Gerhana di Masa Rasulullah, Kisah Mariah Qibtiyah dan Ibrahim
Gerhana bulan dan matahari, menurut Rasulullah Shallallahu alaihi wasallam (Saw) tak ada hubungannya dengan adanya kematian atau kelahiran seseorang. Guna memahami hal itu, berikut Tarikh Islam terkair masalah tersebut.
Rasulullah Saw memilih Hathib bin Abi Balta’ah membawa surat ajakan masuk Islam kepada Raja Mesir. Raja Muqauqis, penguasa Mesir ketika itu, menerima kedatangan Hathib dengan baik.

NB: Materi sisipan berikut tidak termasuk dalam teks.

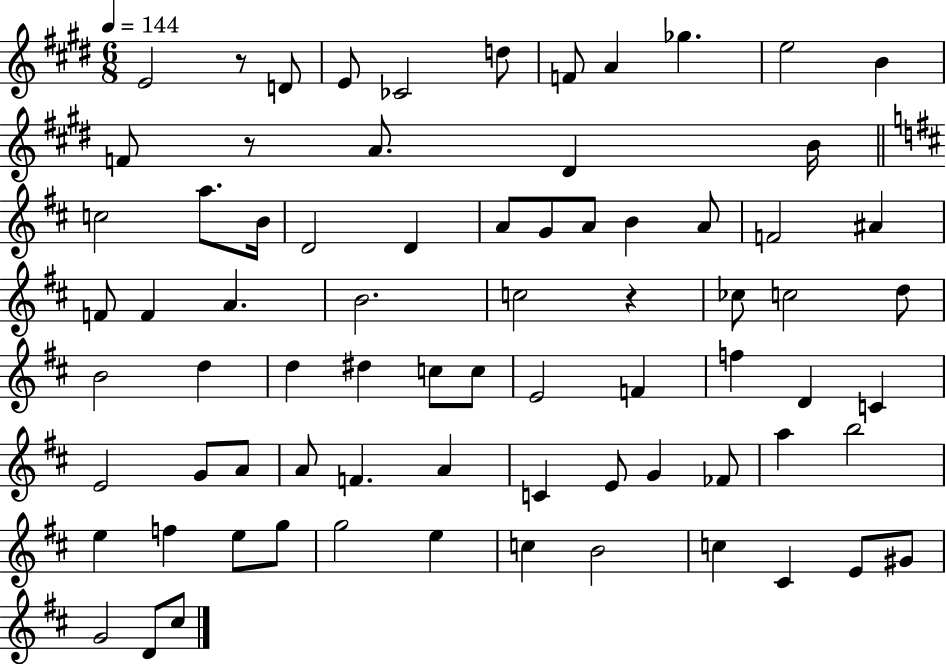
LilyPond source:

{
  \clef treble
  \numericTimeSignature
  \time 6/8
  \key e \major
  \tempo 4 = 144
  e'2 r8 d'8 | e'8 ces'2 d''8 | f'8 a'4 ges''4. | e''2 b'4 | \break f'8 r8 a'8. dis'4 b'16 | \bar "||" \break \key d \major c''2 a''8. b'16 | d'2 d'4 | a'8 g'8 a'8 b'4 a'8 | f'2 ais'4 | \break f'8 f'4 a'4. | b'2. | c''2 r4 | ces''8 c''2 d''8 | \break b'2 d''4 | d''4 dis''4 c''8 c''8 | e'2 f'4 | f''4 d'4 c'4 | \break e'2 g'8 a'8 | a'8 f'4. a'4 | c'4 e'8 g'4 fes'8 | a''4 b''2 | \break e''4 f''4 e''8 g''8 | g''2 e''4 | c''4 b'2 | c''4 cis'4 e'8 gis'8 | \break g'2 d'8 cis''8 | \bar "|."
}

Namun, dia menolak ajakan Rasulullah memeluk Islam.
Walau menolak, ia menghadiahkan dua puluh pasang pakaian produk Mesir, seribu mistqal emas, keledai lengkap dengan pelana, minyak kesturi dan budak perempuan: Mariyah Qibtiyah. Hadiah terakhir yang diberikan Raja Mesir itu kelak menjadi istri sah Nabi Muhammad.
Mariyah awalnya begitu sedih meninggalkan tanah kelahirannya Mesir. Kesedihan Mariyah tidak berlangsung lama setelah Nabi membebaskannya dan diberi kehormatan menjadi istrinya. Setahun tinggal di Madinah, Allah menghendaki perempuan yang berwawasan luas dan berakhlak mulia ini hamil. Mariyah adalah istri Rasulullah setelah Khadijah yang bisa memberi keturunan. Rasulullah SAW memberi nama anak laki-lakinya itu dengan nama Ibrahim bin Muhammad.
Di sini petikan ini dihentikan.